**DATA**
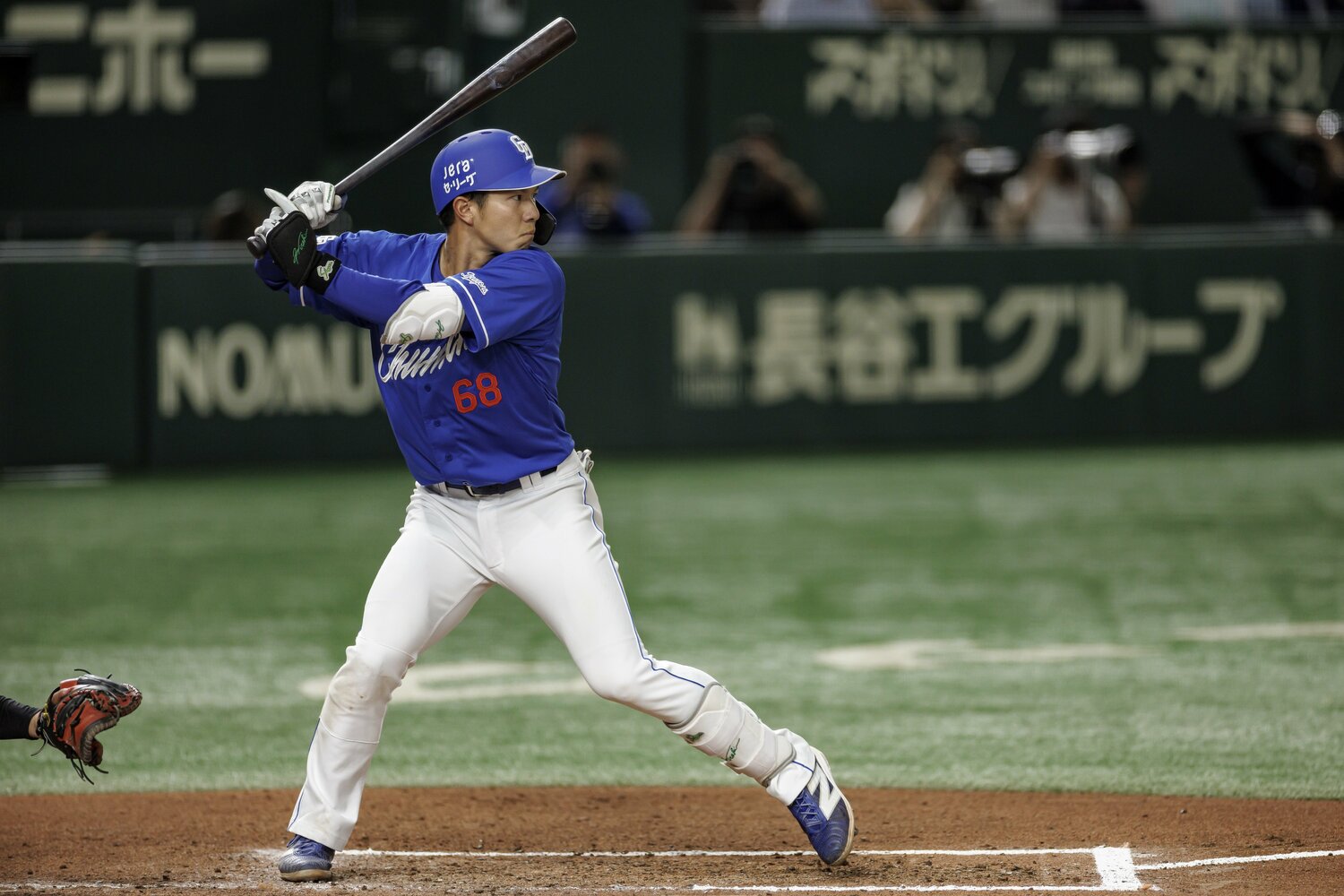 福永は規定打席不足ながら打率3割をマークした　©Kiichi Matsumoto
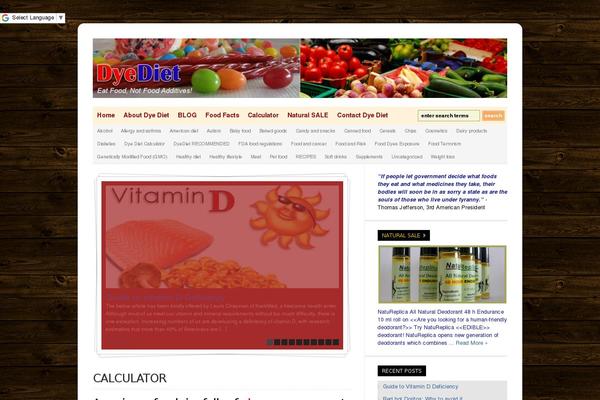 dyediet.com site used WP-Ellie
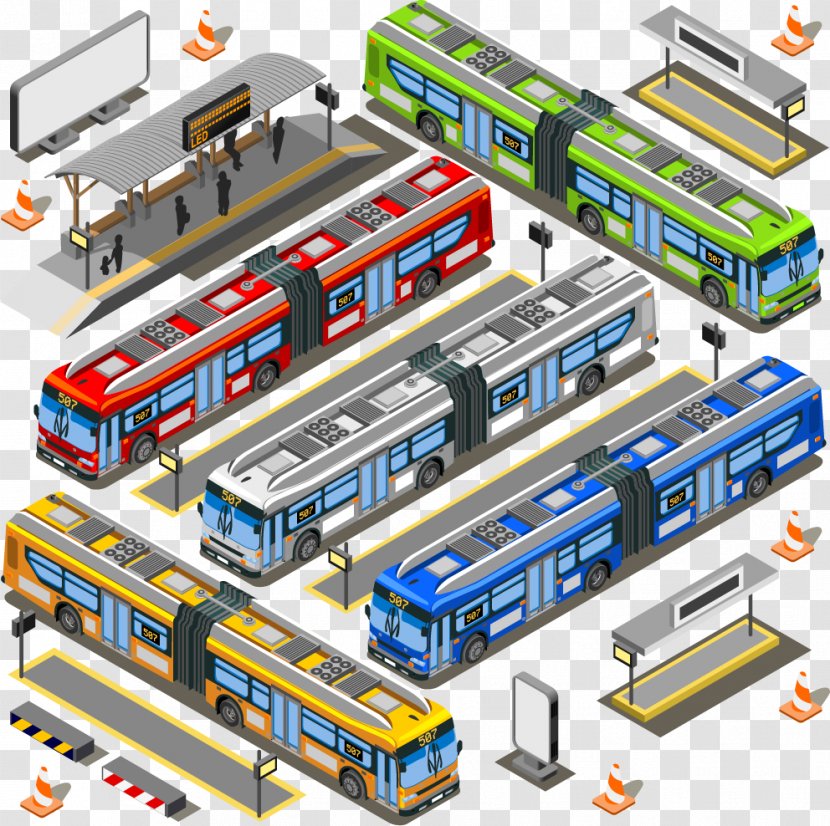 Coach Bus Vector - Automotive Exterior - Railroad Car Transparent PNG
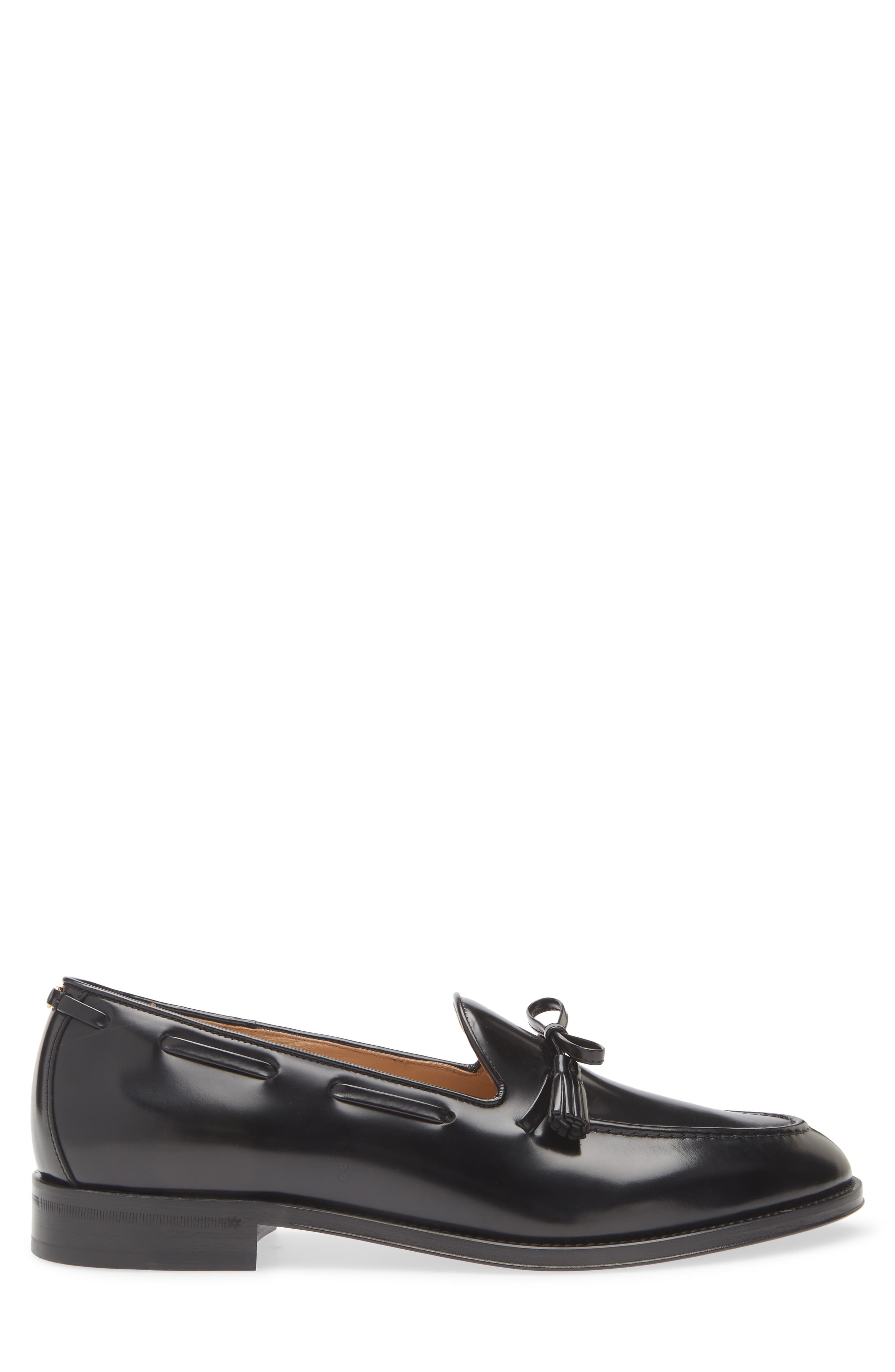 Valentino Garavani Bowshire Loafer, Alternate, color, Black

* * *

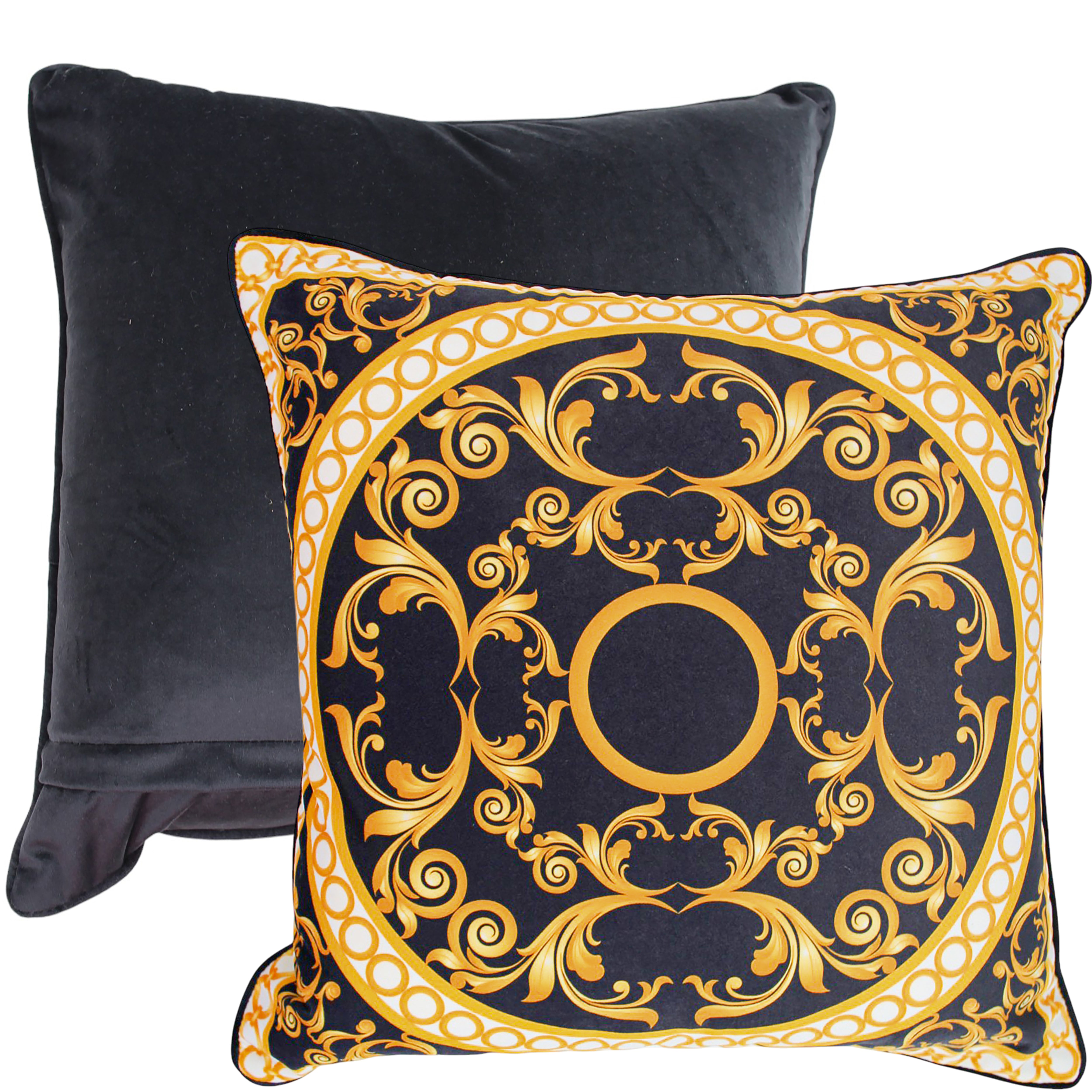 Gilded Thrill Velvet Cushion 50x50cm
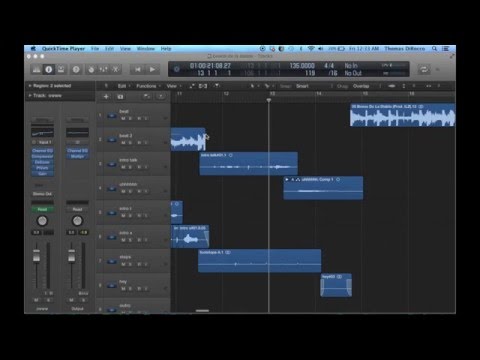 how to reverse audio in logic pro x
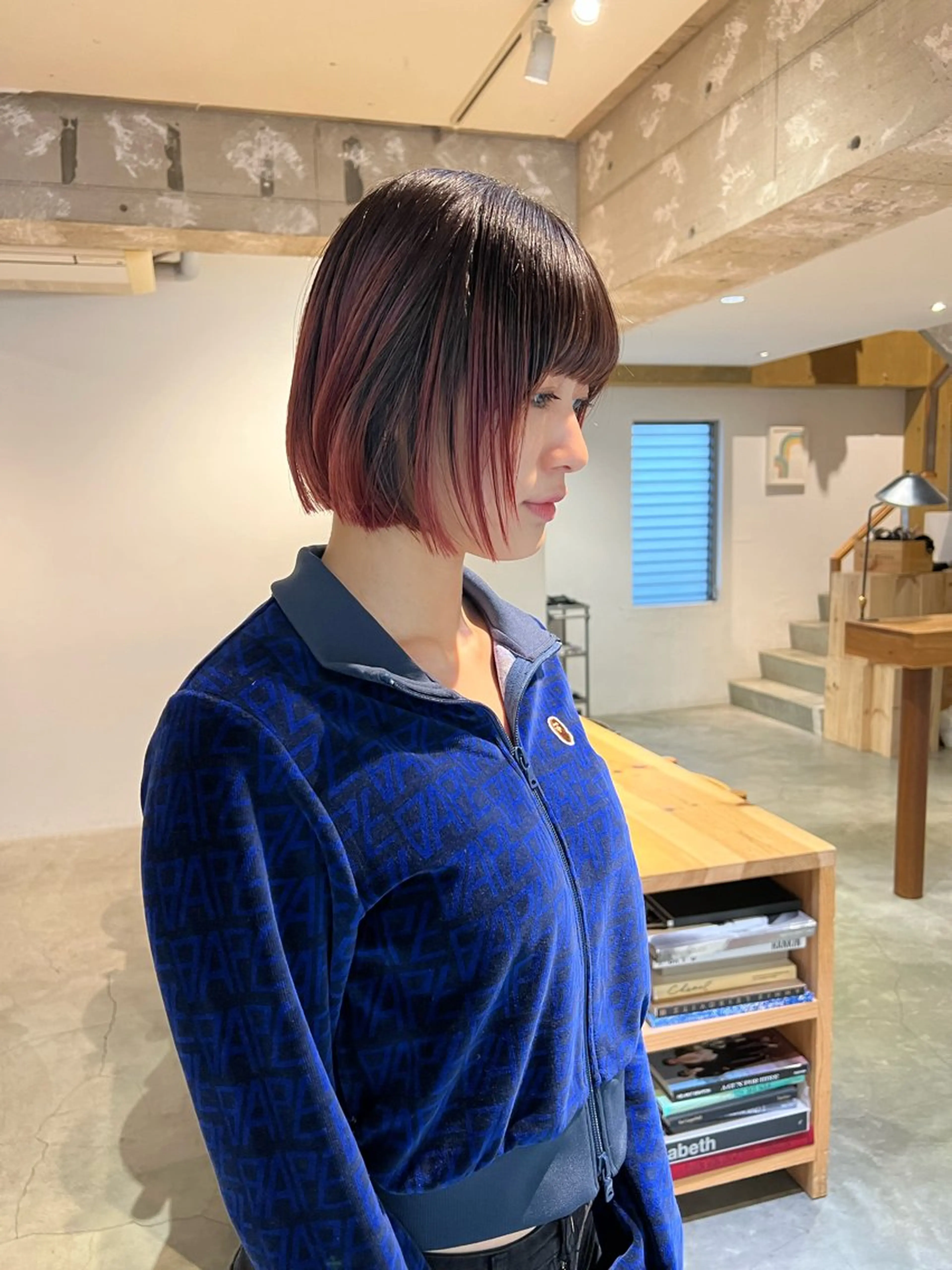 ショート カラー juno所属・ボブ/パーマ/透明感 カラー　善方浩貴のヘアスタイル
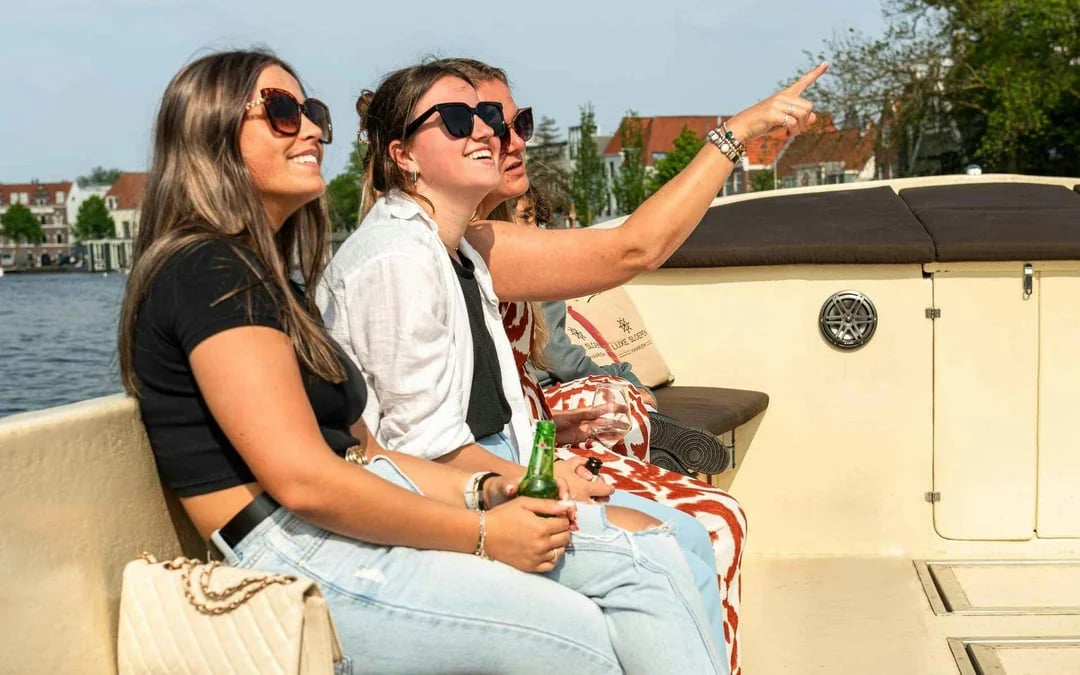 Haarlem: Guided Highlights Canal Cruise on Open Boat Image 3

**THE TASK**
From the records above, extract the lines from the one holding "how to reverse audio in logic pro x" through the one holding "Haarlem: Guided Highlights", word for word; omit the pictures.

**THE COMPLETED TASK**
 how to reverse audio in logic pro x
 ショート カラー juno所属・ボブ/パーマ/透明感 カラー　善方浩貴のヘアスタイル
 Haarlem: Guided Highlights Canal Cruise on Open Boat Image 3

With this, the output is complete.